PROBLEM TO SOLVE. Produce a verbatim copy of the records, and keep the images out of it.

DATASET EXCERPTS.
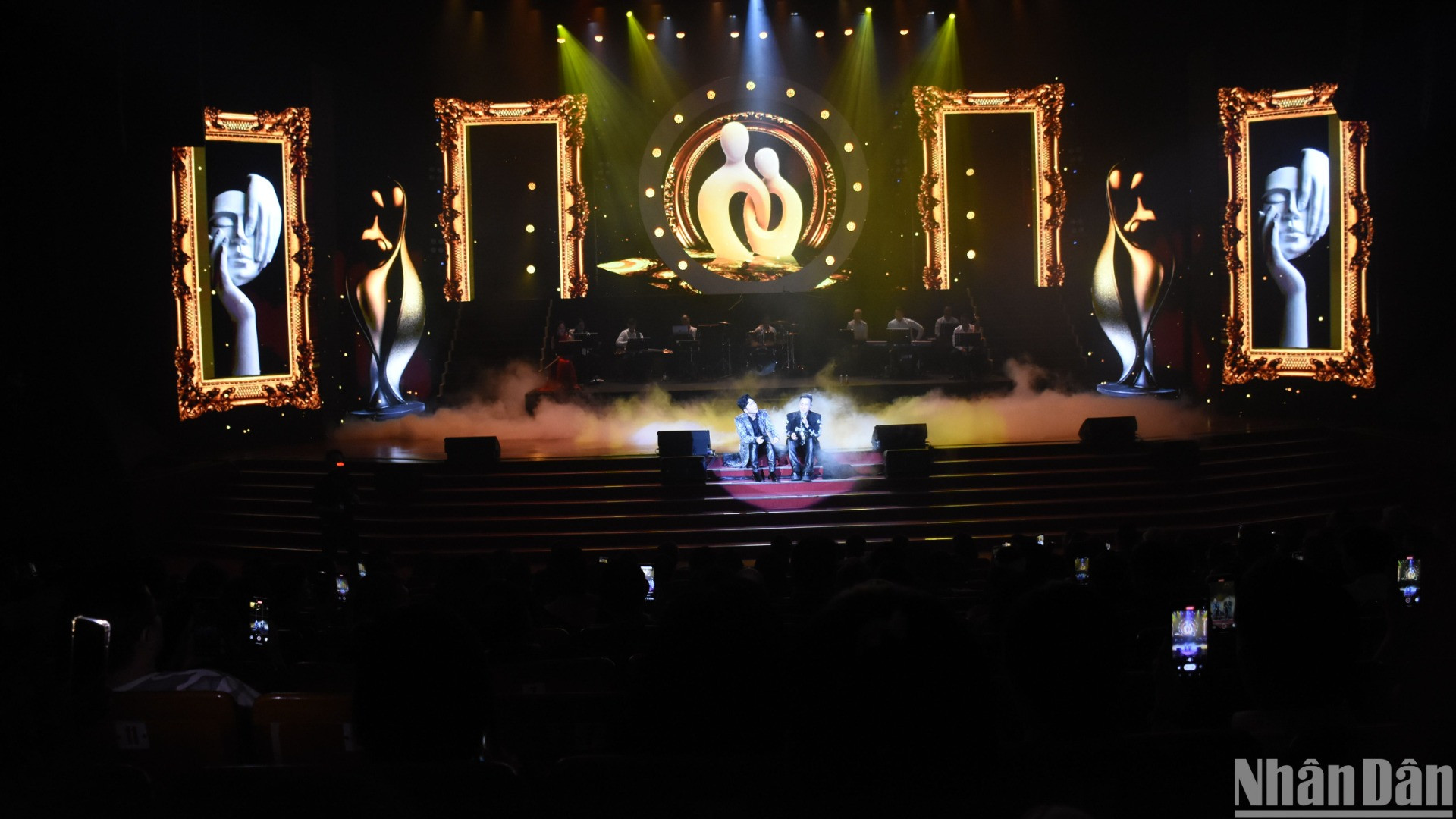 Ca sĩ Trung Quân Idol, kết hợp ăn ý với Dương trong những bản ballad tình ca đầy tự sự, lãng mạn, đem lại cho khán giả một trải nghiệm âm nhạc tuyệt vời. (Ảnh: ANH ĐÀO)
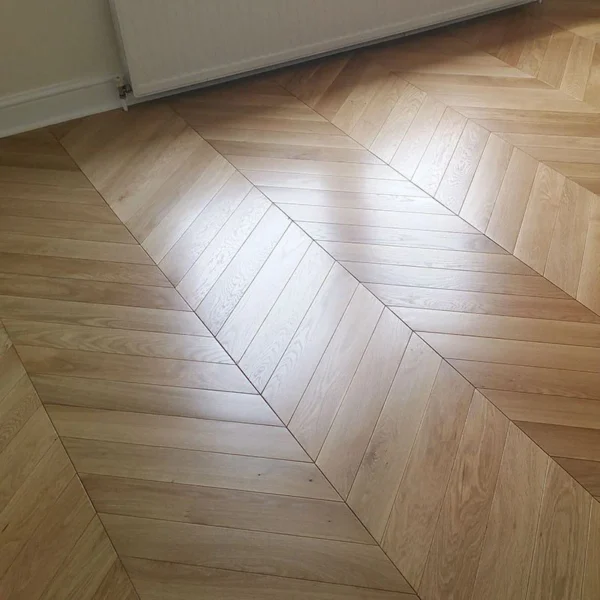 Engineered Chevron Oak Wood Flooring Hungarian Point Design Parquet Flooring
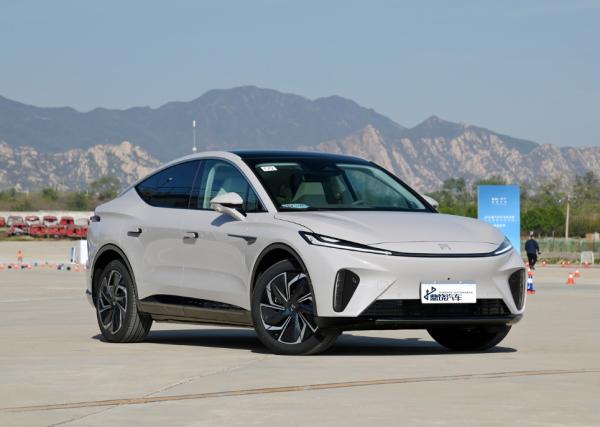 Comfortable Pure EV Rising Auto R7 MG S9 9 5 Doors 5 Seaters SUV EV Car Made In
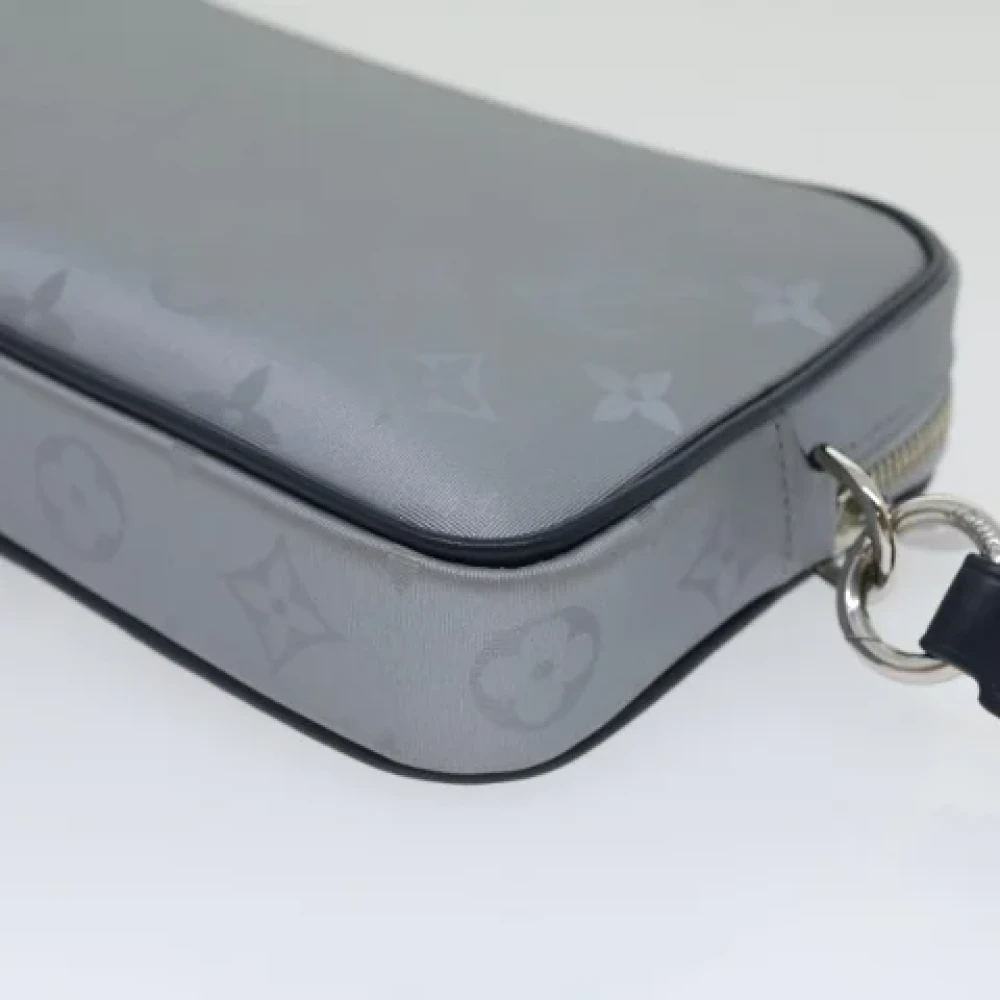 Louis Vuitton Vintage Pre-owned Canvas clutches Gray Dames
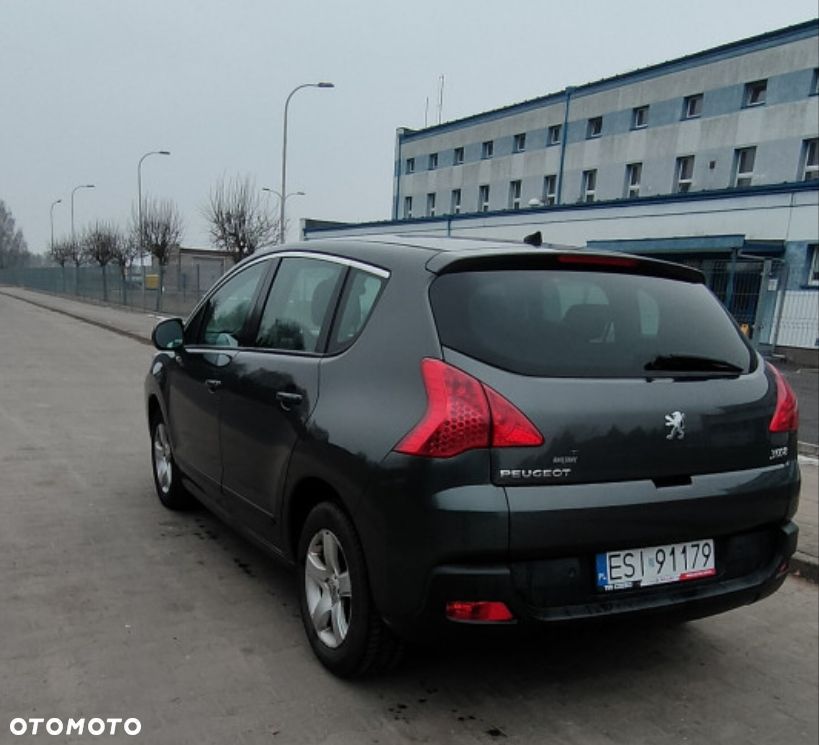 Peugeot 3008 1.6 HDi Premium - 4
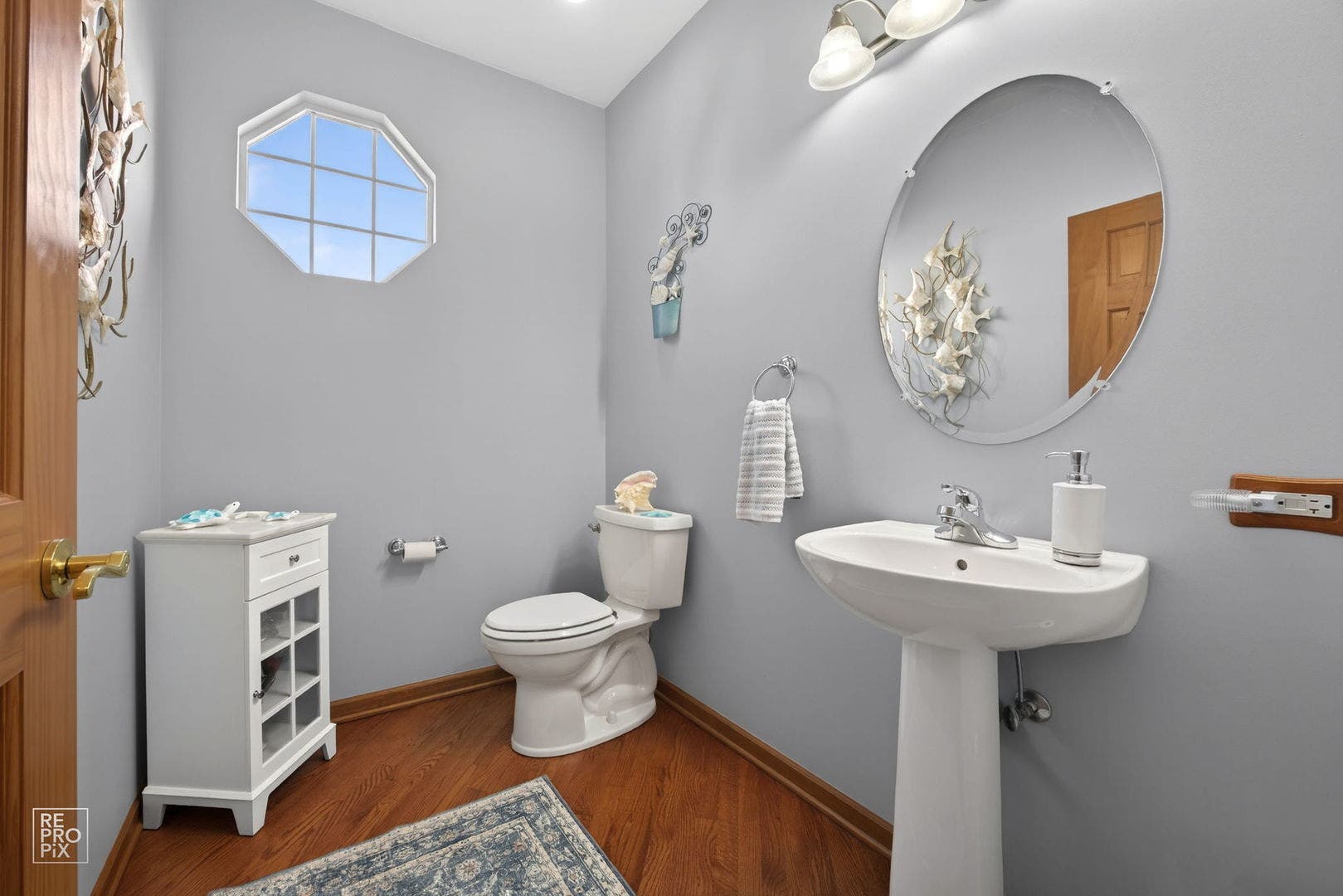 8 Fairfax Court, Bolingbrook, IL 60490 8 Fairfax Court, Bolingbrook, IL 60490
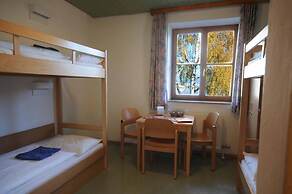 JUNGES HOTEL ZELL AM SEE - Hostel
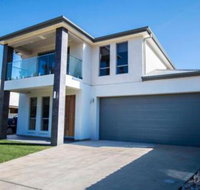 The Races Swanport - Accommodation Mount Tamborine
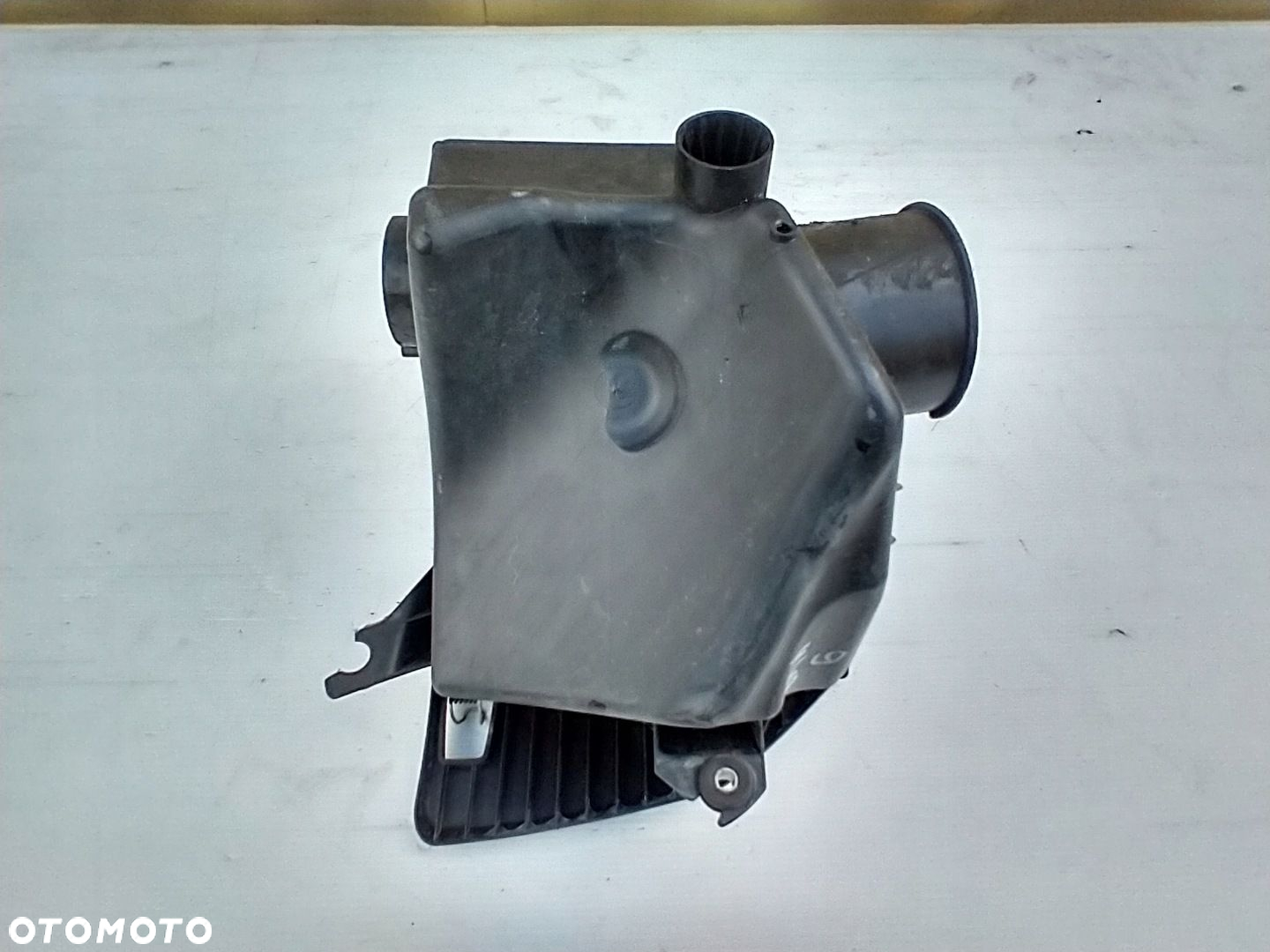 BMW 6 E63 E64 OBUDOWA FILTRA POWIETRZA PRZEPŁYWOMIERZ 7577779 7551638 - 8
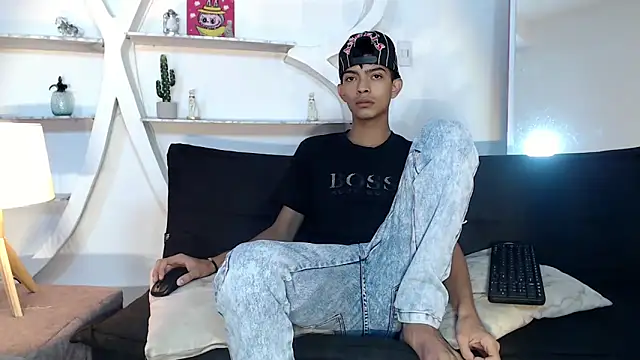 Snapshot of PRETTY_SEX1 chatting on 19, 10, 2025 PRETTY SEX1 online show from 19, 10, 2025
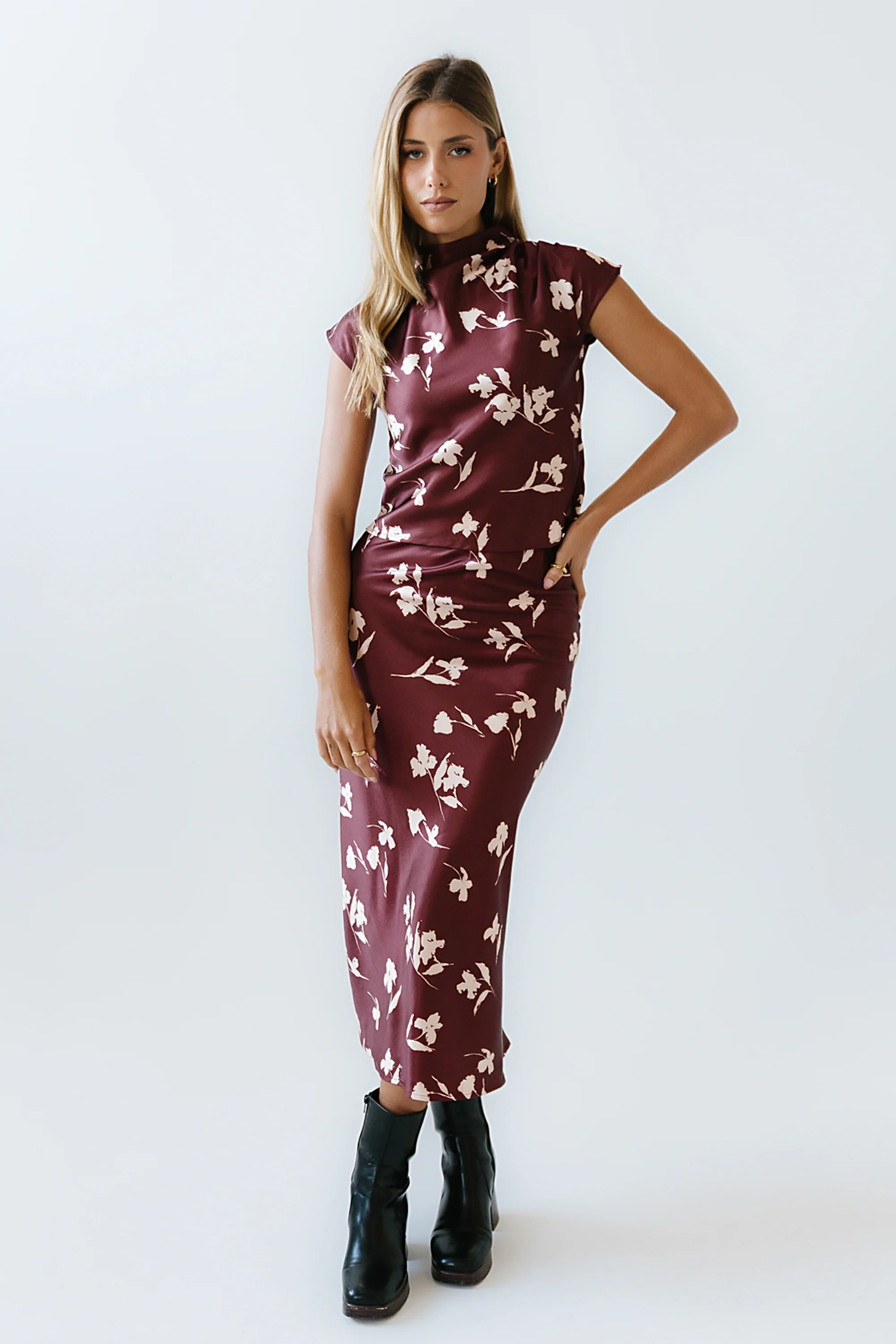 Carsyn Floral Top in Red-Brown - FINAL SALE - Image 3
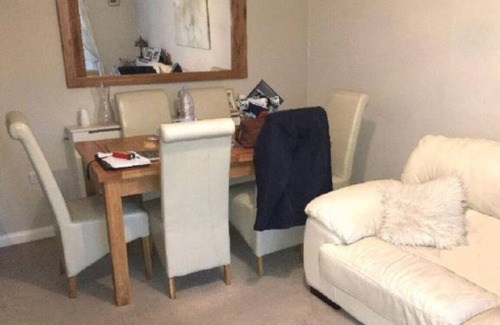 Loxford Wohnung | Moderne 3 Schlafzimmer Wohnung im Erdgeschoss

COMPLETED TASK.
 Ca sĩ Trung Quân Idol, kết hợp ăn ý với Dương trong những bản ballad tình ca đầy tự sự, lãng mạn, đem lại cho khán giả một trải nghiệm âm nhạc tuyệt vời. (Ảnh: ANH ĐÀO)
 Engineered Chevron Oak Wood Flooring Hungarian Point Design Parquet Flooring
 Comfortable Pure EV Rising Auto R7 MG S9 9 5 Doors 5 Seaters SUV EV Car Made In
 Louis Vuitton Vintage Pre-owned Canvas clutches Gray Dames
 Peugeot 3008 1.6 HDi Premium - 4
 8 Fairfax Court, Bolingbrook, IL 60490 8 Fairfax Court, Bolingbrook, IL 60490
 JUNGES HOTEL ZELL AM SEE - Hostel
 The Races Swanport - Accommodation Mount Tamborine
 BMW 6 E63 E64 OBUDOWA FILTRA POWIETRZA PRZEPŁYWOMIERZ 7577779 7551638 - 8
 Snapshot of PRETTY_SEX1 chatting on 19, 10, 2025 PRETTY SEX1 online show from 19, 10, 2025
 Carsyn Floral Top in Red-Brown - FINAL SALE - Image 3
 Loxford Wohnung | Moderne 3 Schlafzimmer Wohnung im Erdgeschoss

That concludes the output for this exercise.